Natürlich müssen wir jetzt davon ausgehen, dass die Low-Phasen länger sein werden als bei dem Programm aus Abschnitt 2; es muss nämlich jetzt zusätzlich bei jedem Schleifendurchlauf der Schleifenindex dekrementiert, die Schleifenbedingung überprüft und ein Sprung durchgeführt werden. Immerhin haben wir es aber vermieden, mit einer variablen Bitnummer auf die einzelnen Bits von G(n) zuzugreifen.

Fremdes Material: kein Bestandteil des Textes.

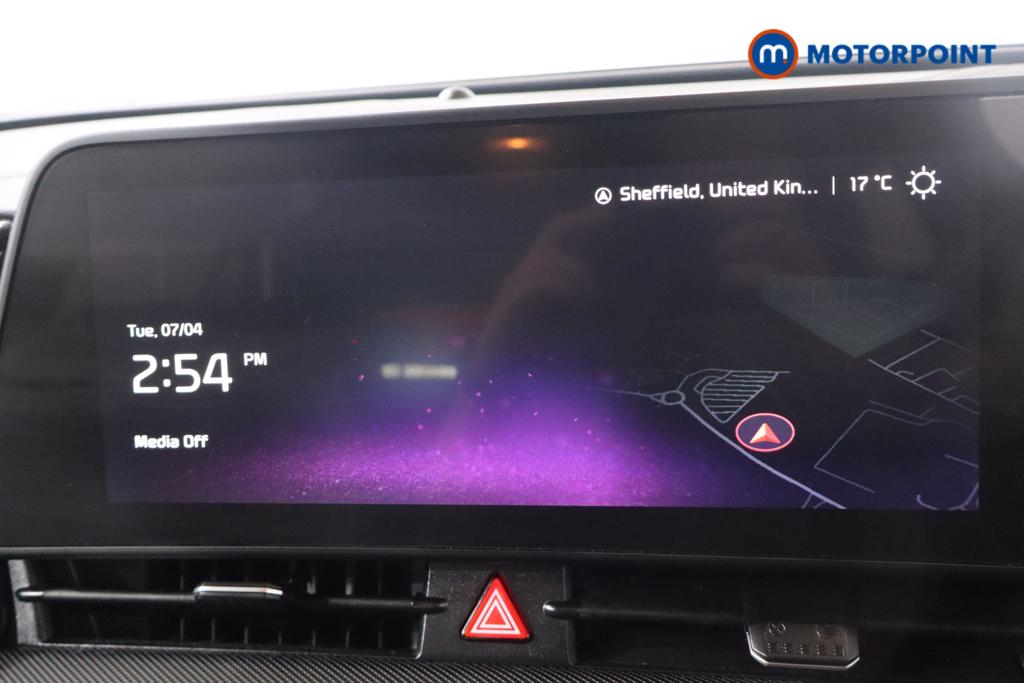 KIA Sportage Gt-Line Automatic Petrol-Electric Hybrid SUV - Stock Number (1623677) - 21st supplementary image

Mit einem Logik-Analysator habe ich die neue Programmversion getestet (Abb. 6). Hier können wir erkennen, dass die Low-Phasen wie erwartet deutlich länger sind als in der Version aus Abschnitt 2, aber sie bleiben alle unter der kritischen Grenze von 5,0 μs.
Nach diesen Erfahrungen habe ich es dann doch einmal mit einer Schleife mit variablen Bitnummern versucht. Der Logikanalysator zeigt, dass nun tatsächlich auch Low-Phasen auftauchen, die länger als 5,0 μs dauern. Überraschenderweise ließ sich mein Neopixel-Ring mit 12 RGB-LEDs auch mit diesem Programm steuern!
Ich denke, dass die Version 2 einen guten Kompromiss zwischen der Programmlänge auf der einen Seite sowie einer raschen und sicheren Übertragung auf der anderen Seite darstellt.